→ **Extracted records**
_ _ _

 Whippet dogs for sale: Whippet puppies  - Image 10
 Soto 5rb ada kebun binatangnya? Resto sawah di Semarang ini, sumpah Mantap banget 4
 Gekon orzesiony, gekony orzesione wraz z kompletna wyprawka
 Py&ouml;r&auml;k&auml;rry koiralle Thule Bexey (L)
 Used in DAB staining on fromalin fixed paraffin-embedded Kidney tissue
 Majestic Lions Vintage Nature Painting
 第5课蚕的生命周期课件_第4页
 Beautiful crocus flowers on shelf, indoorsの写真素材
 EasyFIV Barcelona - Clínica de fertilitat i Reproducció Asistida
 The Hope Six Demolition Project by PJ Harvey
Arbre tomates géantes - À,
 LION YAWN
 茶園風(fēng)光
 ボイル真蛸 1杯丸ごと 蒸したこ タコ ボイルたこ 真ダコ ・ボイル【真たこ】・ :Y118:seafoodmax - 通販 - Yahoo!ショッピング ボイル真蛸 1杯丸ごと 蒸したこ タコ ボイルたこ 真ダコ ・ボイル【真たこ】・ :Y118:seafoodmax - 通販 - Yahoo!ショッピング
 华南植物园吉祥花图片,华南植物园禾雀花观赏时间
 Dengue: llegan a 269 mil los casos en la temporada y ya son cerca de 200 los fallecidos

_ _ _

→ **Instructions to follow**
Only the lines from the one containing "Arbre tomates géantes" through the end of the data above are wanted, both ends included; restate them word for word.

→ **Task result**
Arbre tomates géantes - À,
 LION YAWN
 茶園風(fēng)光
 ボイル真蛸 1杯丸ごと 蒸したこ タコ ボイルたこ 真ダコ ・ボイル【真たこ】・ :Y118:seafoodmax - 通販 - Yahoo!ショッピング ボイル真蛸 1杯丸ごと 蒸したこ タコ ボイルたこ 真ダコ ・ボイル【真たこ】・ :Y118:seafoodmax - 通販 - Yahoo!ショッピング
 华南植物园吉祥花图片,华南植物园禾雀花观赏时间
 Dengue: llegan a 269 mil los casos en la temporada y ya son cerca de 200 los fallecidos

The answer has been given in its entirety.